In contrast, in the exemplary embodiment shown in FIG. 5A, the lower pressing member 83B having the lower projections 42A has four higher projections 42B, and the binding performance for thick sheet stacks B is higher than that in the comparative example shown in FIG. 6.

Furthermore, as in this exemplary embodiment (as in the exemplary embodiment shown in FIG. 5A), by providing the lower projections 42A at the ends of the projection row 44, creases that may be formed in the sheet stack B are reduced.

When binding is performed by pressing two pressing members having projections against a sheet stack B, creases are likely to be formed around a portion of the sheet stack B against which the pressing members are pressed.

In contrast, as in this exemplary embodiment, by providing the lower projections 42A at the ends of the projection row 44, creases are less likely to be formed in the sheet stack B than in the case where the higher projections 42B are provided at the ends of the projection row 44.

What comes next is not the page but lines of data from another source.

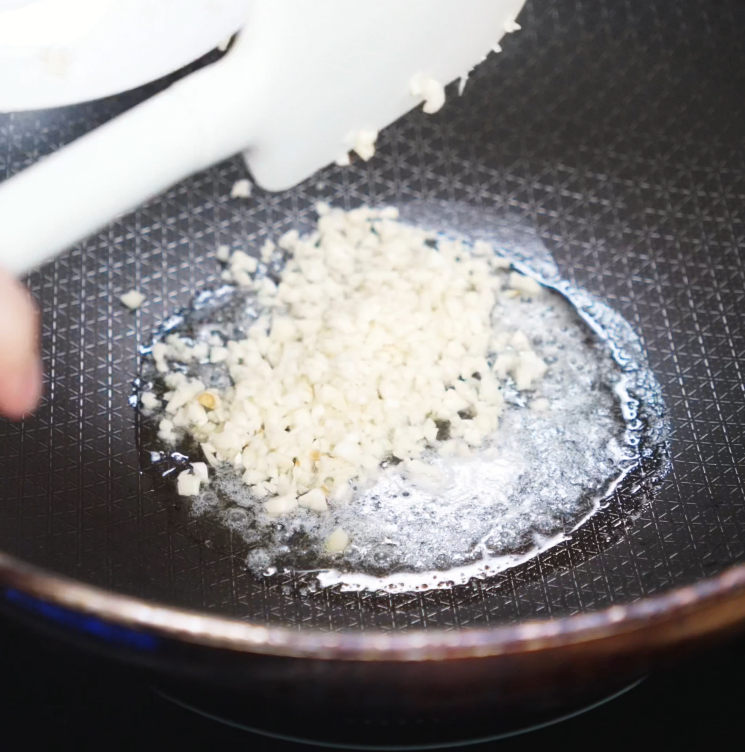Minced garlic is sautéing in melted butter and oil inside a nonstick skillet, releasing a fragrant aroma as it turns lightly golden.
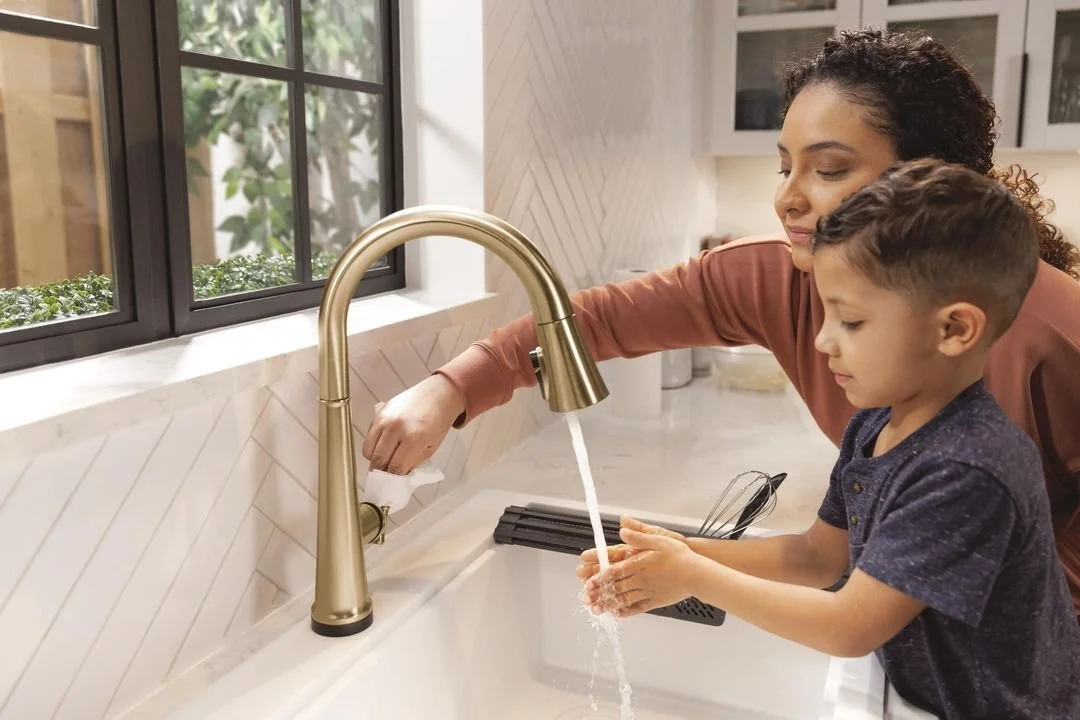 A woman helping a young boy wash his hands at a kitchen sink with a golden faucet, near a window with greenery outside.
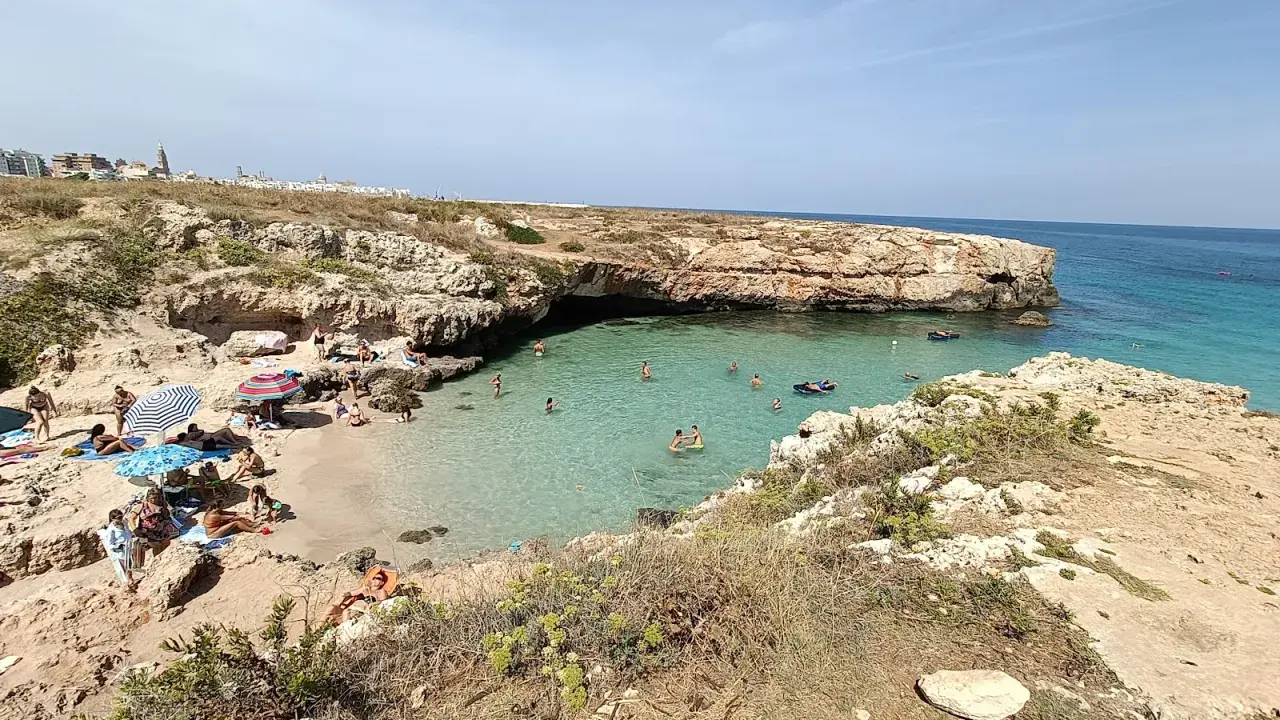 Una splendida giornata alla spiaggia di Porto Verde, con bagnanti che si godono il sole e le acque cristalline.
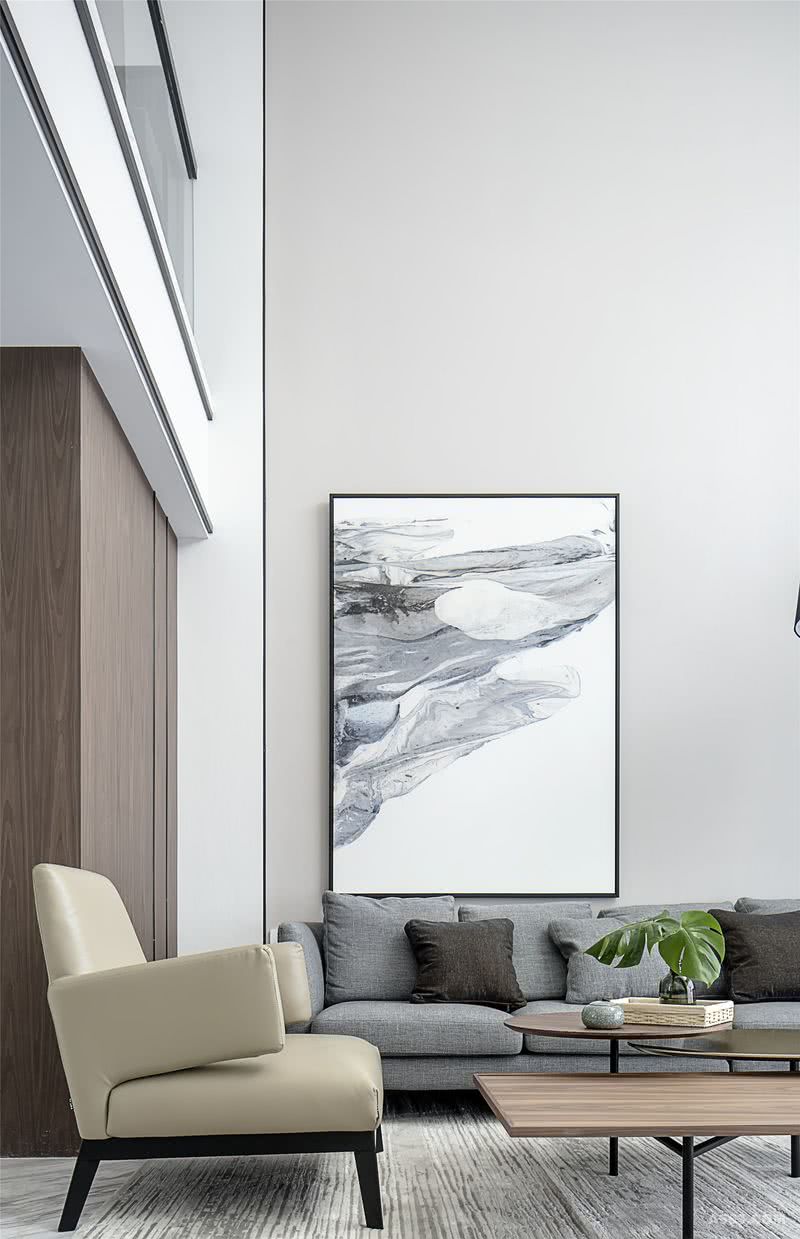 沙发背景墙用的是淡淡的暖灰色刷漆壁布，再搭配大副抽象挂画。挂画意境清逸潇洒，色彩与客厅黑白灰的主色调保持一致，大美无言，妙道自然。

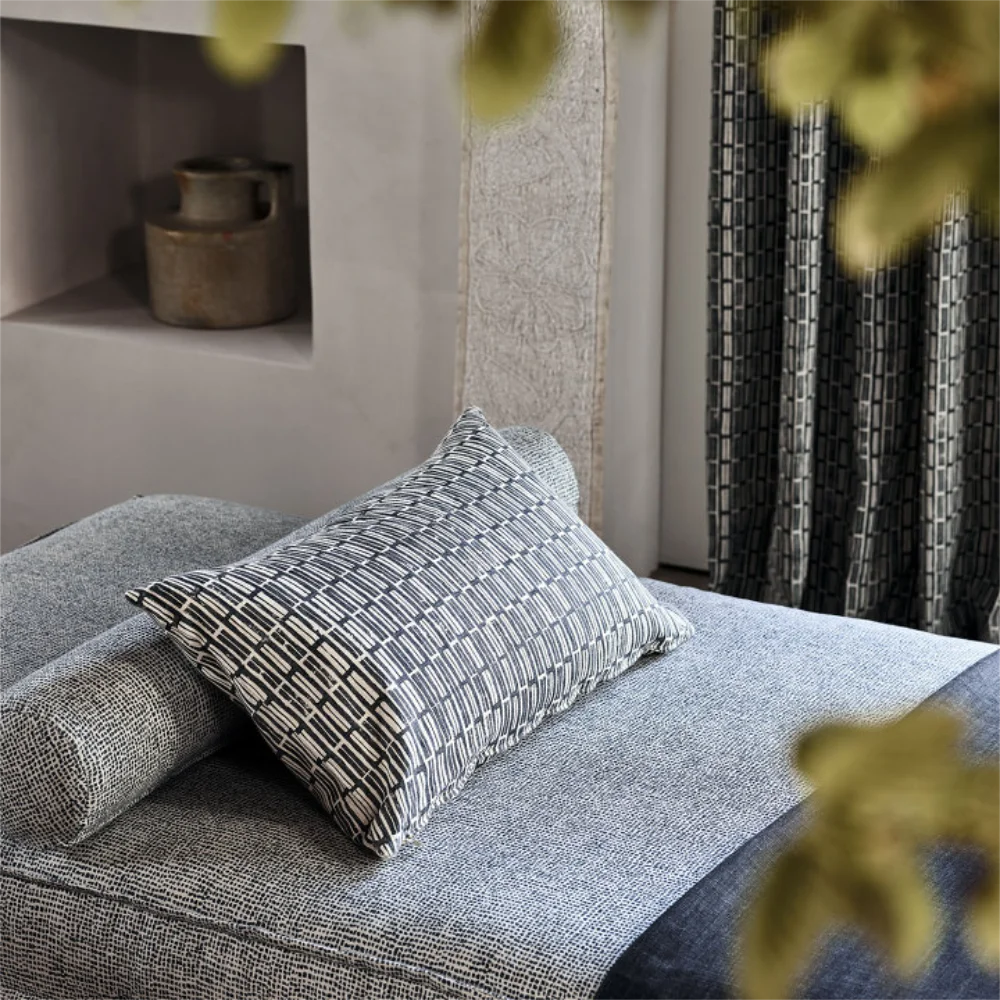 A modern day bed in grey fabric with scatter cushion and bolster cushion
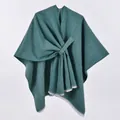 Detailed view of dark green knit shawl featuring diagonal strap design and woven texture - White Fringe with Stripe / Green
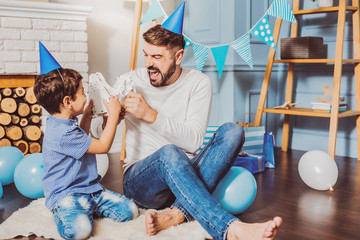 Fight robots. Satisfied attractive man shouting while celebrating birthday with son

In this exemplary embodiment, as shown in FIG. 5A, multiple (in this exemplary embodiment, two) lower projections 42A are provided at each end of the projection row 44.

In this case, creases are even less likely to be formed in the sheet stack B than in the case where a single lower projection 42A is provided at each end of the projection row 44.

In this exemplary embodiment, as shown in FIG. 5A, the lower projections 42A are provided at both ends of the projection row 44 in the projection arrangement direction. In this case, creases are less likely to be formed in the sheet stack B than in the case where the lower projections 42A are provided at only one end of the projection row 44.

When the lower projections 42A are provided at only one end of the projection row 44, creases are likely to be formed around a portion of the sheet stack B to which the other end of the projection row 44 comes into contact.

Furthermore, as in this exemplary embodiment, by providing the lower projections 42A at the ends of the projection row 44 of the lower pressing member 83B, which has more projections than the upper pressing member 83A, the pressing members are unlikely to move (shift) in the projection arrangement direction (longitudinal direction of the pressing member).

In other words, when the projections located at the extreme ends, among the multiple projections provided in the pressing member that has more projections, are the lower projections 42A, the pressing members are unlikely to move (shift) in the projection arrangement direction.

In this case, a decline in binding performance and damage to the sheet stack B due to the movement of the pressing members are unlikely to occur.

As in this exemplary embodiment, by providing the lower projections 42A, the upper pressing member 83A, which is the pressing member that moves, easily moves in the projection arrangement direction when the upper pressing member 83A advances toward the lower pressing member 83B.

In this case, the pressure applied to the sheet stack B may partially drop, leading to a decline in binding performance, or a portion of the sheet stack B may be excessively pressed, leading to damage to this portion.

More specifically, in the configuration in this exemplary embodiment, when a thick sheet stack B, which has high rigidity, is to be bound, a portion of the sheet stack B facing the lower projections 42A is unlikely to be deformed.

More specifically, because the lower projections 42A are designed for sheet stacks B having low rigidity, such as thin sheet stacks B, when a thick sheet stack B is to be bound, the sheet stack B is unlikely to be deformed when the lower projections 42A are pressed against the sheet stack B. In this case, the portion of the sheet stack B facing the lower projections 42A is likely to maintain a flat state.

FIG. 7 shows a state of a thick sheet stack B against the lower projections 42A are pressed. In FIG. 7, all the projections 42 provided in the upper pressing member 83A and the lower pressing member 83B are the lower projections 42A.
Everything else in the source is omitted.